··· Exercise input

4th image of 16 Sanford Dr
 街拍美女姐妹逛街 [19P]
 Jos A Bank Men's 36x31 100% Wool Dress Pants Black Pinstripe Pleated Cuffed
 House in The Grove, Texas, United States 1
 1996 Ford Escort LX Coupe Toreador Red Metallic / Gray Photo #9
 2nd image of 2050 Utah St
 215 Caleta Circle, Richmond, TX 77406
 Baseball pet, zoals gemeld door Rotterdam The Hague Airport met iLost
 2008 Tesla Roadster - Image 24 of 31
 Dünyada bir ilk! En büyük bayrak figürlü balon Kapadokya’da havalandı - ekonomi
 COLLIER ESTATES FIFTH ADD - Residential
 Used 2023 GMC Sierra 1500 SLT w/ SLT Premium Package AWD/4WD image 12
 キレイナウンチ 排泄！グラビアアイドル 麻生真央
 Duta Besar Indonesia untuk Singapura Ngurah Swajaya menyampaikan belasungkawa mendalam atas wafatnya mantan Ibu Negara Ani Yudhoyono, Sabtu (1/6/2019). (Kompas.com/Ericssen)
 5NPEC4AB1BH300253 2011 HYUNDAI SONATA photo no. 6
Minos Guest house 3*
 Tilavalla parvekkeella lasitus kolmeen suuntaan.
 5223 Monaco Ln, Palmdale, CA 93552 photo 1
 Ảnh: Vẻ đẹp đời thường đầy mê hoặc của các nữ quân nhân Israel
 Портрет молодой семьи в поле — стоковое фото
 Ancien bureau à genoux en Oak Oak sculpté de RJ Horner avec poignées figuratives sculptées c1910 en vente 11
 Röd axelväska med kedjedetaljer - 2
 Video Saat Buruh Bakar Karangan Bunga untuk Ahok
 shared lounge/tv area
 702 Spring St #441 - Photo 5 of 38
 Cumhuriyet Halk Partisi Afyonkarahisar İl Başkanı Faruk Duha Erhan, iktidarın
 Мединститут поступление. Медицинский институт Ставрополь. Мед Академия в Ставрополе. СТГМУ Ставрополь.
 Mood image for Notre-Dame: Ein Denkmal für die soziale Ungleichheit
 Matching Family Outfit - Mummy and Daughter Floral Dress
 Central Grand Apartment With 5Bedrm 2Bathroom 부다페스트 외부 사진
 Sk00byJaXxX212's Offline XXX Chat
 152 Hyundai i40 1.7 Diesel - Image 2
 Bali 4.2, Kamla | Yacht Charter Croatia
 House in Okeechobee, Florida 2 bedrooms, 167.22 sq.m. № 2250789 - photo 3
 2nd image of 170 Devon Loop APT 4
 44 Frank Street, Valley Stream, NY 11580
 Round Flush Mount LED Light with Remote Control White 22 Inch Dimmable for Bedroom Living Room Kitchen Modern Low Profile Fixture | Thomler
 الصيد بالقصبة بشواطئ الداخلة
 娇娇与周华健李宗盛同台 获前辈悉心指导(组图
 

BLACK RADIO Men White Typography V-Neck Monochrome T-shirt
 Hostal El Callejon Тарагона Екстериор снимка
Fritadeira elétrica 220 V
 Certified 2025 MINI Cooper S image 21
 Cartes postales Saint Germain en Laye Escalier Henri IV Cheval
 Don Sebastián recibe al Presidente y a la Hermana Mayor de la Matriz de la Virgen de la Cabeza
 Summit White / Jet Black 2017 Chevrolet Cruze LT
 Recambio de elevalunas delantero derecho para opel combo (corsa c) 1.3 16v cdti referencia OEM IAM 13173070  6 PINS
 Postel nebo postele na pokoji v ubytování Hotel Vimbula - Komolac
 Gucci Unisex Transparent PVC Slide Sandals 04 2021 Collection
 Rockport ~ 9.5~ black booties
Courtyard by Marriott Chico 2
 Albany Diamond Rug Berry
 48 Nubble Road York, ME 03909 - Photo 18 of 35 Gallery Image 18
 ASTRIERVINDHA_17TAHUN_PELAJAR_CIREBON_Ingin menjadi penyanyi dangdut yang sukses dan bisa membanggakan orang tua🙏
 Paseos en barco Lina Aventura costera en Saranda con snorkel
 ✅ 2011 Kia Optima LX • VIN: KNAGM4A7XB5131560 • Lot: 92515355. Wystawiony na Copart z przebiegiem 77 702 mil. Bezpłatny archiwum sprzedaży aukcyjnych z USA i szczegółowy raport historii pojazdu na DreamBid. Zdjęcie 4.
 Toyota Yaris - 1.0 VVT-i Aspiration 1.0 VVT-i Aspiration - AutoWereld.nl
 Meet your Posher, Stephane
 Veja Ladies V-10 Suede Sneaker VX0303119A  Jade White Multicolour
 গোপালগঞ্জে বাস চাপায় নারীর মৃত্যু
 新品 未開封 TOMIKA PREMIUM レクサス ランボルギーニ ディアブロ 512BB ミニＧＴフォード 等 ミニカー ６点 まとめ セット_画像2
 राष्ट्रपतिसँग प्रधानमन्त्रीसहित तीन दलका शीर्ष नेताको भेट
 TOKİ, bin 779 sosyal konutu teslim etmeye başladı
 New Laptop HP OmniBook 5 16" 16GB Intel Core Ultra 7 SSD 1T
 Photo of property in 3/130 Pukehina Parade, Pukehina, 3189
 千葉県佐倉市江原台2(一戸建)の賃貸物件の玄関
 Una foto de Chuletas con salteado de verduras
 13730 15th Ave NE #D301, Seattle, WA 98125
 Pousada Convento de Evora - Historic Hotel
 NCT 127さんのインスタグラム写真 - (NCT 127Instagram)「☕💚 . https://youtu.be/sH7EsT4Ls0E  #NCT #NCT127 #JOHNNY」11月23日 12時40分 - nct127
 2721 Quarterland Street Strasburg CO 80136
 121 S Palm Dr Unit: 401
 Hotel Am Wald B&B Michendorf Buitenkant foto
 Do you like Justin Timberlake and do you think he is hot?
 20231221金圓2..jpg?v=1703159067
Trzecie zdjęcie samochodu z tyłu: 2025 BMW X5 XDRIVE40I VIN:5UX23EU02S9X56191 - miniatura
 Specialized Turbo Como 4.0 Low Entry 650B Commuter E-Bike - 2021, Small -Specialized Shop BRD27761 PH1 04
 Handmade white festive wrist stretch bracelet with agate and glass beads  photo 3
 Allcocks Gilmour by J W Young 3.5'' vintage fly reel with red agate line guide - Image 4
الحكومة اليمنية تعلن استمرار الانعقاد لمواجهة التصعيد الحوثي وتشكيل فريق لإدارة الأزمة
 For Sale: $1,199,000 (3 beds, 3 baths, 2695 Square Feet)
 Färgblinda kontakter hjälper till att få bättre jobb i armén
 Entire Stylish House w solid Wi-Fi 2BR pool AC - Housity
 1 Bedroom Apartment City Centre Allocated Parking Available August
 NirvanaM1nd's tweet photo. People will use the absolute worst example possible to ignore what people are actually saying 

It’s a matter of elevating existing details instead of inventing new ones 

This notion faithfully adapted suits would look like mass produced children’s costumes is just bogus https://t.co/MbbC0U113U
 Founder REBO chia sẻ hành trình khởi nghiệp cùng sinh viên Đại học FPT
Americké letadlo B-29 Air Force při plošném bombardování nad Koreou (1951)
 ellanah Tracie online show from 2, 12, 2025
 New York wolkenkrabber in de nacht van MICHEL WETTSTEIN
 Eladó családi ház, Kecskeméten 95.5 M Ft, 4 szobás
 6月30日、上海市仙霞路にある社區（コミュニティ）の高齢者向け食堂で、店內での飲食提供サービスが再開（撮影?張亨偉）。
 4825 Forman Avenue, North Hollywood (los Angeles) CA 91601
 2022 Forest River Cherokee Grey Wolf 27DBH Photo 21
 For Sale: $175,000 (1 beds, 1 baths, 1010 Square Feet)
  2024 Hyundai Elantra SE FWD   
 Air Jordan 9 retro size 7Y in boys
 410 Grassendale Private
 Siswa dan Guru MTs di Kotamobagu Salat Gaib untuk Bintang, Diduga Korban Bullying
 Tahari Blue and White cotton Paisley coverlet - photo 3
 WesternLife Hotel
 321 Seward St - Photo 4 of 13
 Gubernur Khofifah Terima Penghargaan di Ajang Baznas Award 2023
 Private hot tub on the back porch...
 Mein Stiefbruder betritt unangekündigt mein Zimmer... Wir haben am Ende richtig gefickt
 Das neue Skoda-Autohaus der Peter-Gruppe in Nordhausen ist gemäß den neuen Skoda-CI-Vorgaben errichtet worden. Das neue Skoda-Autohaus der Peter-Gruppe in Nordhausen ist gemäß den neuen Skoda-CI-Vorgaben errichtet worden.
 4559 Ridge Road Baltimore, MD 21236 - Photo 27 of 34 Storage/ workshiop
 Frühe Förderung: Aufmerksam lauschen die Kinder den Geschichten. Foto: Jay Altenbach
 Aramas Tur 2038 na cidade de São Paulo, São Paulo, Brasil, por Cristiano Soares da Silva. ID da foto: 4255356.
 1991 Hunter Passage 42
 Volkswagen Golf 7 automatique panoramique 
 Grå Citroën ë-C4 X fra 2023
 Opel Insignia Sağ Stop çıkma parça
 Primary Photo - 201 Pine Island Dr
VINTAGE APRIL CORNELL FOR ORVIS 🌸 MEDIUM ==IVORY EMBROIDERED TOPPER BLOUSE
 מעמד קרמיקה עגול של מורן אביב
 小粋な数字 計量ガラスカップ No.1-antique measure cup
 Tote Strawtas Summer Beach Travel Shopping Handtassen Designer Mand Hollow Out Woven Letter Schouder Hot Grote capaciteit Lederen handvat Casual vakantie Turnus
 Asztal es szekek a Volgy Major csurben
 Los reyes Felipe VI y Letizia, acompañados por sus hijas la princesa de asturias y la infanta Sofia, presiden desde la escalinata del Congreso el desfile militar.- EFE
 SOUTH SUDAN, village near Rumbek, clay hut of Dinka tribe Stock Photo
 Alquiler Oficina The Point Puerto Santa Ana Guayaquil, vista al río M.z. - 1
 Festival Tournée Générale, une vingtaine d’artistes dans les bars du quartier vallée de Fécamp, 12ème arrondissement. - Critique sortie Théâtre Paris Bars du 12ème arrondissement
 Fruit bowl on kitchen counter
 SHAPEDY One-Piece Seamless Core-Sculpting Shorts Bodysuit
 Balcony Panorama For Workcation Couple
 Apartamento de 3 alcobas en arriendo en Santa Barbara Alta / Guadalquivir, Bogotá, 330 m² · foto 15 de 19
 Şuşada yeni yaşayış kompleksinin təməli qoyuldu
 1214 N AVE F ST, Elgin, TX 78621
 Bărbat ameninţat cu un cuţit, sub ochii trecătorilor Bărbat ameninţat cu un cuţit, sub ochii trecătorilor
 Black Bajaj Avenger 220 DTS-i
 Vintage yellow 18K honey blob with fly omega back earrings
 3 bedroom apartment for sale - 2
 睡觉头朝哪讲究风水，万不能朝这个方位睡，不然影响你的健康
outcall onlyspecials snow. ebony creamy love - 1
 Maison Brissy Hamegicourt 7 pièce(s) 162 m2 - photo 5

······

Task brief
Nothing should appear in the answer except the lines above from the line with "Entire Stylish House" through the line with "Americké letadlo B-29", both included, written out exactly.

Task result
 Entire Stylish House w solid Wi-Fi 2BR pool AC - Housity
 1 Bedroom Apartment City Centre Allocated Parking Available August
 NirvanaM1nd's tweet photo. People will use the absolute worst example possible to ignore what people are actually saying 

It’s a matter of elevating existing details instead of inventing new ones 

This notion faithfully adapted suits would look like mass produced children’s costumes is just bogus https://t.co/MbbC0U113U
 Founder REBO chia sẻ hành trình khởi nghiệp cùng sinh viên Đại học FPT
Americké letadlo B-29 Air Force při plošném bombardování nad Koreou (1951)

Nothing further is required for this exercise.